PROBLEM STATEMENT: Start to finish, repeat the records exactly.

[Scraped caption text data]
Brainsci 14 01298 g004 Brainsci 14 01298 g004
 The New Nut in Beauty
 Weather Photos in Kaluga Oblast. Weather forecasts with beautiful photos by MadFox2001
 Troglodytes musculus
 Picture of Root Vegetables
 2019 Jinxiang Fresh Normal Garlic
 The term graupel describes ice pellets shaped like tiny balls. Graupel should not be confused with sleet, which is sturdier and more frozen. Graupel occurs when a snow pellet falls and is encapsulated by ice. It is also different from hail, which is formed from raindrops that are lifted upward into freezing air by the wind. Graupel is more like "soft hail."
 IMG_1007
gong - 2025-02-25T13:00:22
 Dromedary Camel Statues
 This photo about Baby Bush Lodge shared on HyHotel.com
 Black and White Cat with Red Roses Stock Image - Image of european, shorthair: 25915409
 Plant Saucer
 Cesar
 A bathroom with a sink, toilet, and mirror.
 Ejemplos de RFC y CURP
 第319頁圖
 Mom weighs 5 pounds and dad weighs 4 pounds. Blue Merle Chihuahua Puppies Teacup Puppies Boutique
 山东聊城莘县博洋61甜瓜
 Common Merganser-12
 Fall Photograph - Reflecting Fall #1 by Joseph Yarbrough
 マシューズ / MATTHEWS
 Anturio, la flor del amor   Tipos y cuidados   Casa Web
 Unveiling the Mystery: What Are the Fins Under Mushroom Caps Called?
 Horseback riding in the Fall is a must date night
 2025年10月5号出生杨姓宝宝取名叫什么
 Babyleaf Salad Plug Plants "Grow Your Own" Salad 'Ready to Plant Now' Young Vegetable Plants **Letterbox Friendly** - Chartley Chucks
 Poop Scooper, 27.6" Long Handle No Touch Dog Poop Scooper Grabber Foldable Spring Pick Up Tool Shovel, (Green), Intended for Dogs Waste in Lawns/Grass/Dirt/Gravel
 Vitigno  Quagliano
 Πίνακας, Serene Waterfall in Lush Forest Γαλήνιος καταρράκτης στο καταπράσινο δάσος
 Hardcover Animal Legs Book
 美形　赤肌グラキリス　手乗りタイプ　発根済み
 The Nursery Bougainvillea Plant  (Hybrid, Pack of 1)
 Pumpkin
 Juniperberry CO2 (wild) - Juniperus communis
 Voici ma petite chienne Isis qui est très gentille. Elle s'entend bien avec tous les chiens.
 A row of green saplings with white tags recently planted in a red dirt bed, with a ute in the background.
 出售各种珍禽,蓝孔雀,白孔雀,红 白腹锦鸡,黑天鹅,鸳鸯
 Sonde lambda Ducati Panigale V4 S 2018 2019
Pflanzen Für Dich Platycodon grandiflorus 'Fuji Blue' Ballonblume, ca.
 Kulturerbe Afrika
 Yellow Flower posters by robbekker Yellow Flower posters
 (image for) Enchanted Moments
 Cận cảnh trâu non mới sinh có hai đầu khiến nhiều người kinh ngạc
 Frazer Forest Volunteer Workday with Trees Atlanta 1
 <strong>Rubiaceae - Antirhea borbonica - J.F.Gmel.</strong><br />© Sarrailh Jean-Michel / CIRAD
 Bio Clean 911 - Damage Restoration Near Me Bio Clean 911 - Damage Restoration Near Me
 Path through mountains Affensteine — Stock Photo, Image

ANSWER SECTION:
Brainsci 14 01298 g004 Brainsci 14 01298 g004
 The New Nut in Beauty
 Weather Photos in Kaluga Oblast. Weather forecasts with beautiful photos by MadFox2001
 Troglodytes musculus
 Picture of Root Vegetables
 2019 Jinxiang Fresh Normal Garlic
 The term graupel describes ice pellets shaped like tiny balls. Graupel should not be confused with sleet, which is sturdier and more frozen. Graupel occurs when a snow pellet falls and is encapsulated by ice. It is also different from hail, which is formed from raindrops that are lifted upward into freezing air by the wind. Graupel is more like "soft hail."
 IMG_1007
gong - 2025-02-25T13:00:22
 Dromedary Camel Statues
 This photo about Baby Bush Lodge shared on HyHotel.com
 Black and White Cat with Red Roses Stock Image - Image of european, shorthair: 25915409
 Plant Saucer
 Cesar
 A bathroom with a sink, toilet, and mirror.
 Ejemplos de RFC y CURP
 第319頁圖
 Mom weighs 5 pounds and dad weighs 4 pounds. Blue Merle Chihuahua Puppies Teacup Puppies Boutique
 山东聊城莘县博洋61甜瓜
 Common Merganser-12
 Fall Photograph - Reflecting Fall #1 by Joseph Yarbrough
 マシューズ / MATTHEWS
 Anturio, la flor del amor   Tipos y cuidados   Casa Web
 Unveiling the Mystery: What Are the Fins Under Mushroom Caps Called?
 Horseback riding in the Fall is a must date night
 2025年10月5号出生杨姓宝宝取名叫什么
 Babyleaf Salad Plug Plants "Grow Your Own" Salad 'Ready to Plant Now' Young Vegetable Plants **Letterbox Friendly** - Chartley Chucks
 Poop Scooper, 27.6" Long Handle No Touch Dog Poop Scooper Grabber Foldable Spring Pick Up Tool Shovel, (Green), Intended for Dogs Waste in Lawns/Grass/Dirt/Gravel
 Vitigno  Quagliano
 Πίνακας, Serene Waterfall in Lush Forest Γαλήνιος καταρράκτης στο καταπράσινο δάσος
 Hardcover Animal Legs Book
 美形　赤肌グラキリス　手乗りタイプ　発根済み
 The Nursery Bougainvillea Plant  (Hybrid, Pack of 1)
 Pumpkin
 Juniperberry CO2 (wild) - Juniperus communis
 Voici ma petite chienne Isis qui est très gentille. Elle s'entend bien avec tous les chiens.
 A row of green saplings with white tags recently planted in a red dirt bed, with a ute in the background.
 出售各种珍禽,蓝孔雀,白孔雀,红 白腹锦鸡,黑天鹅,鸳鸯
 Sonde lambda Ducati Panigale V4 S 2018 2019
Pflanzen Für Dich Platycodon grandiflorus 'Fuji Blue' Ballonblume, ca.
 Kulturerbe Afrika
 Yellow Flower posters by robbekker Yellow Flower posters
 (image for) Enchanted Moments
 Cận cảnh trâu non mới sinh có hai đầu khiến nhiều người kinh ngạc
 Frazer Forest Volunteer Workday with Trees Atlanta 1
 <strong>Rubiaceae - Antirhea borbonica - J.F.Gmel.</strong><br />© Sarrailh Jean-Michel / CIRAD
 Bio Clean 911 - Damage Restoration Near Me Bio Clean 911 - Damage Restoration Near Me
 Path through mountains Affensteine — Stock Photo, Image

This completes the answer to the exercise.